§ Exercise details
Skipping all pictures, please restate word for word the lines from the one that contains "Image du produit" through the last line of the entries.

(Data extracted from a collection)
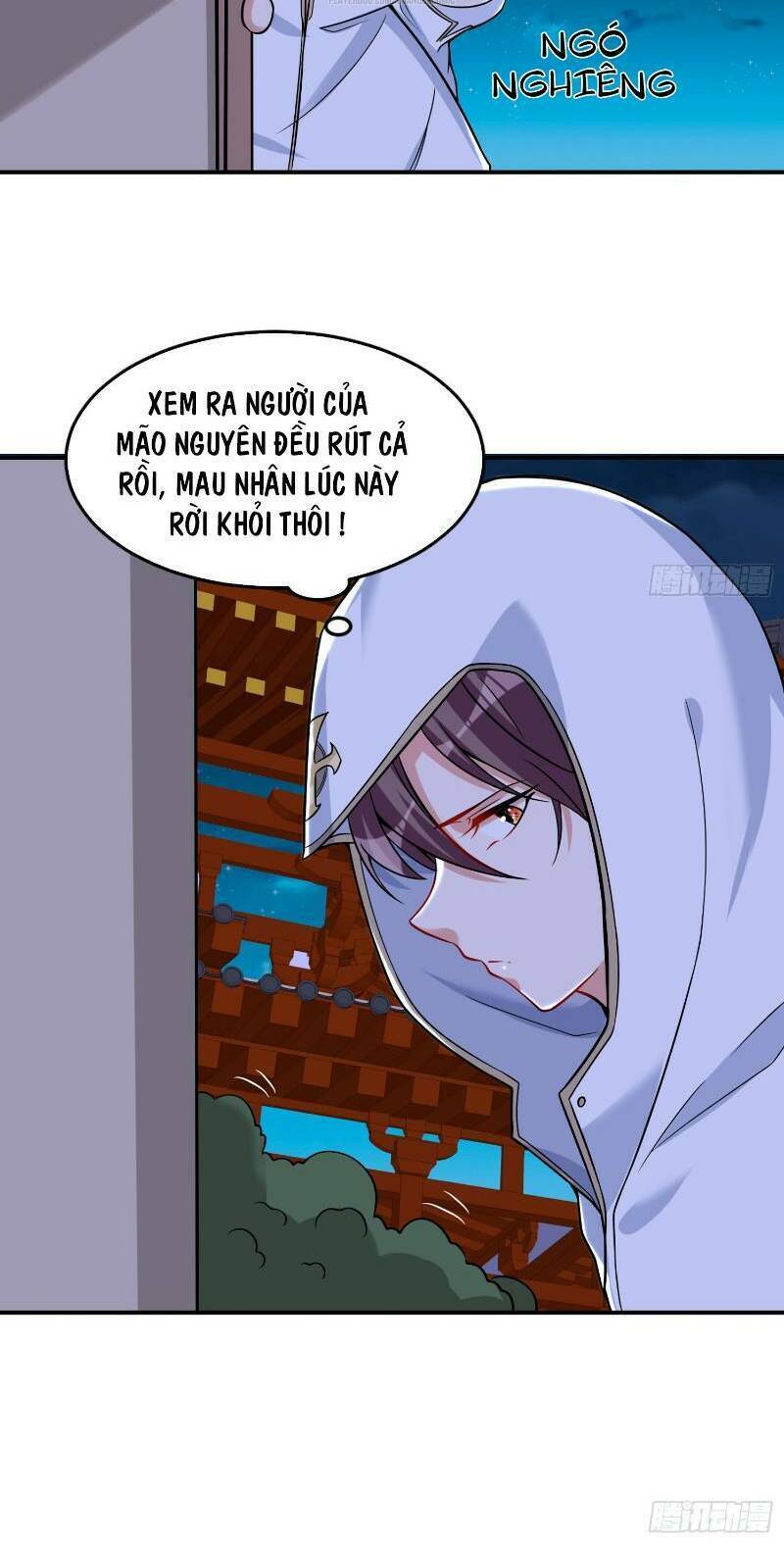 Giáng Thần Chiến Ký: Chapter 49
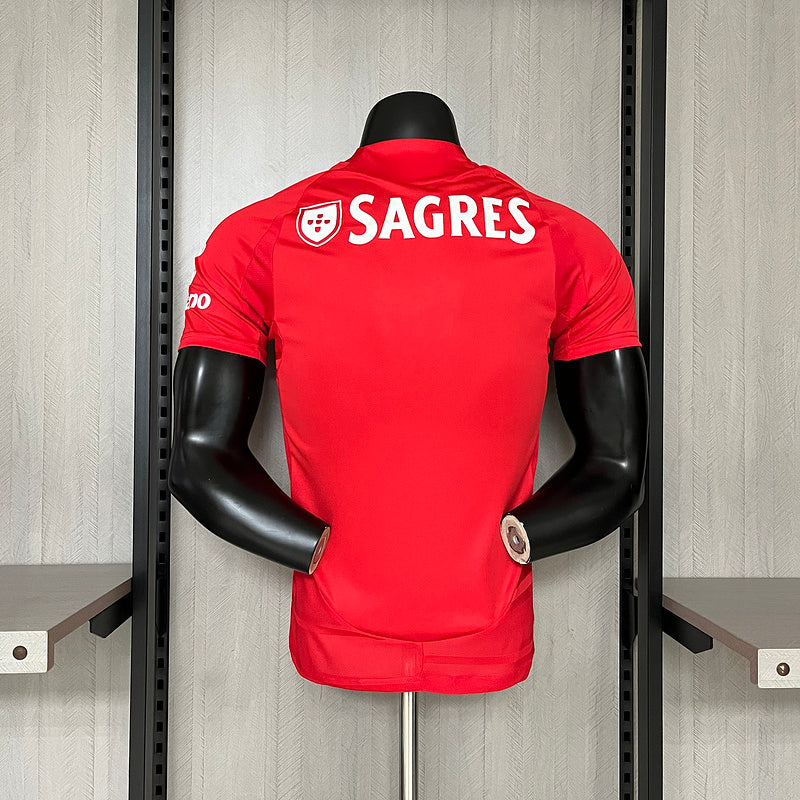 Camisa Jogador Benfica 2024/25 - Masculino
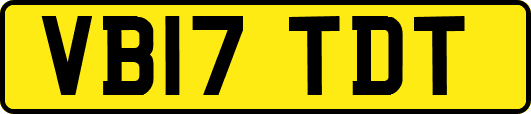 VB17TDT
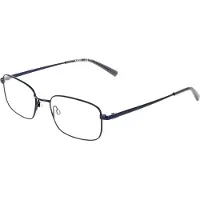 FLEXSON Flexon FLEXON H6098 Satin navy 53/19/145 MAN Brilmonturen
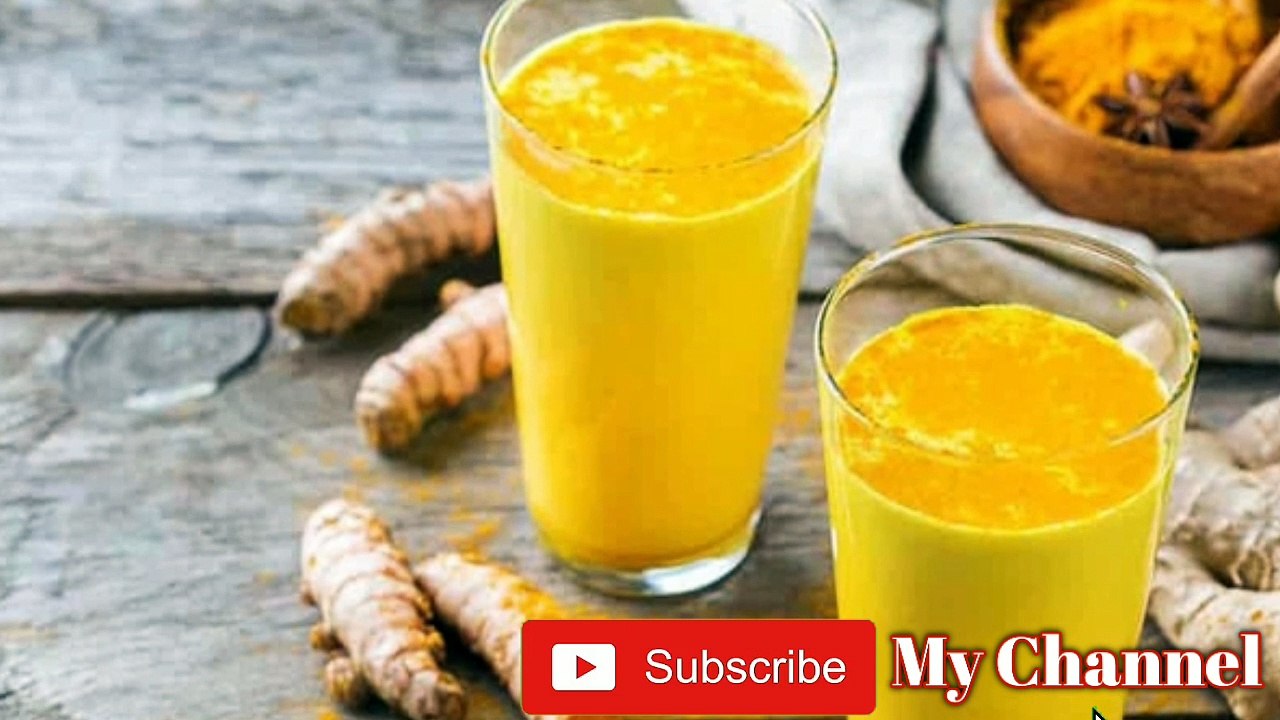 Benefits of yellow milk-হলুদ দুধ খেলে কি হয়- হলুদ মিশ্রিত দুধের উপকারিতা-Holud Dudh khele ki hoy-Holud Dudher upokarita.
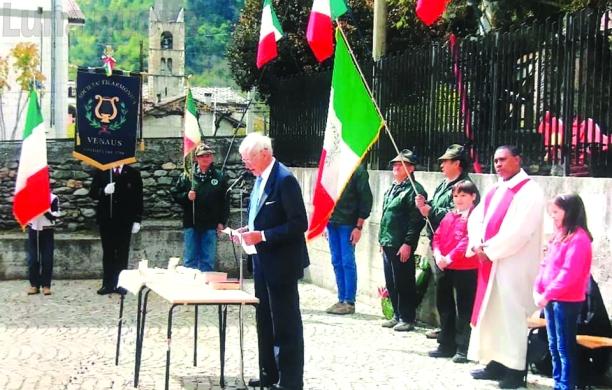 Venaus: addio a Elso Tournour, sindaco e partigiano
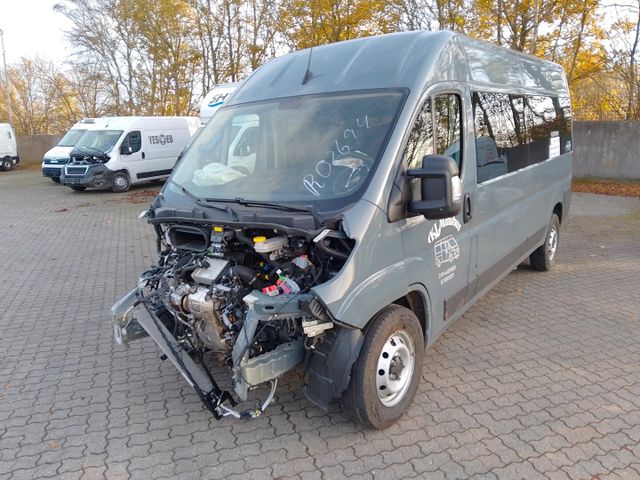 Fiat Ducato Maxi Grossr.-Kasten 35 180 L4H2 teilvergl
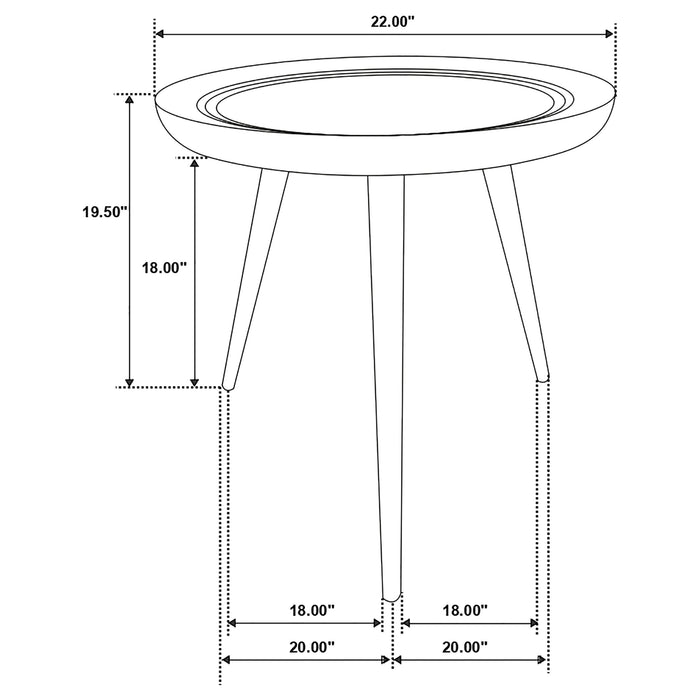 Zoe Coffee Table Sets - Casa Morelos / Coahuila Furniture (Oklahoma City, OK)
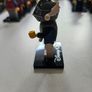 lego vintage black knights cas167 minifigure Image 5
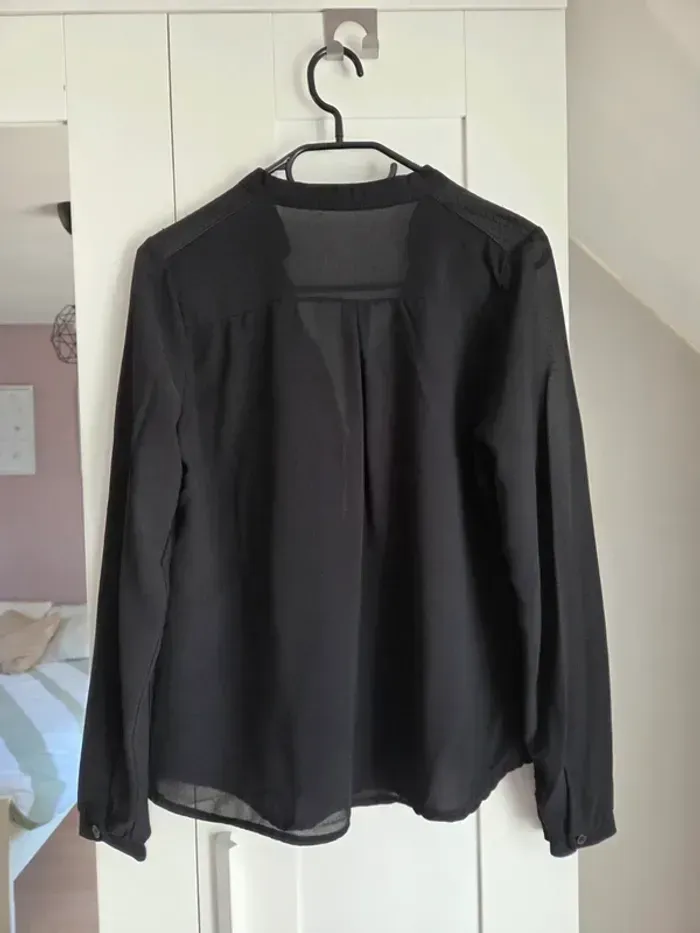 Blouse chemisier top femme taille 36 - photo numéro 2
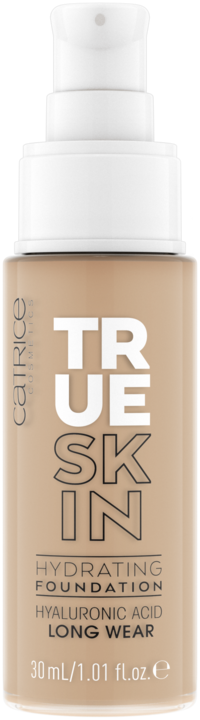 Image du produit Catrice Fond de teint hydratant True Skin (046 Caramel neutre)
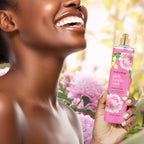 Experience Bodycology's Pink Vanilla Wish fragrance mist, a global favorite in a premium floral-inspired design.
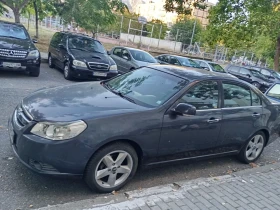 ����� �� �������� �� Chevrolet Epica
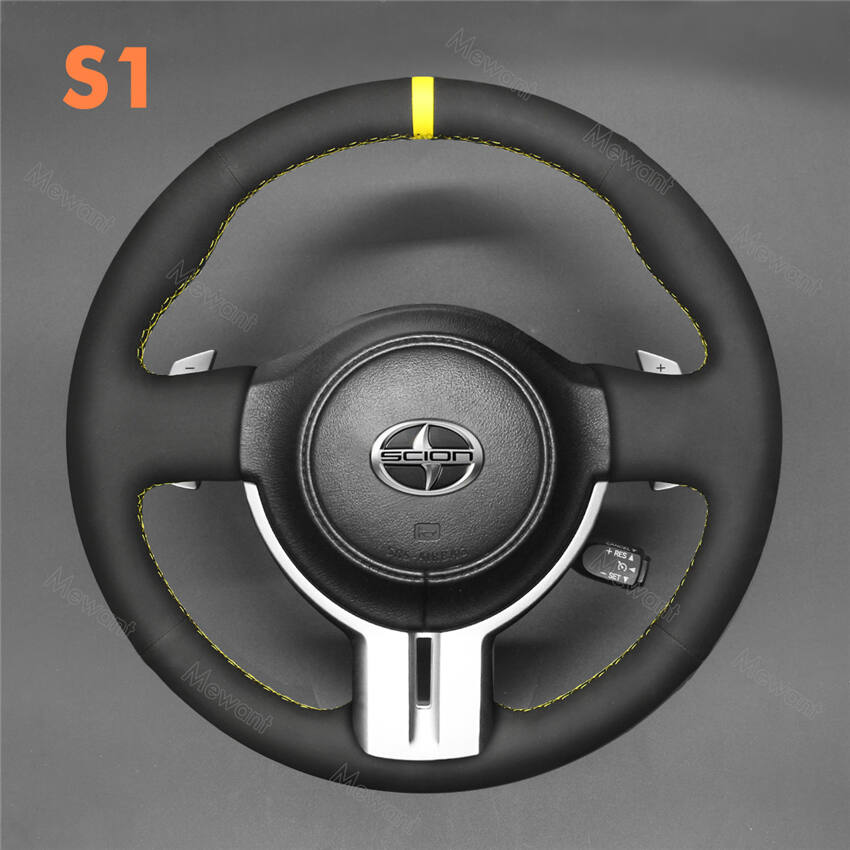 Steering Wheel Cover For Scion FR-S FRS 2012-2016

§ Completed exercise
 Image du produit Catrice Fond de teint hydratant True Skin (046 Caramel neutre)
 Experience Bodycology's Pink Vanilla Wish fragrance mist, a global favorite in a premium floral-inspired design.
 ����� �� �������� �� Chevrolet Epica
 Steering Wheel Cover For Scion FR-S FRS 2012-2016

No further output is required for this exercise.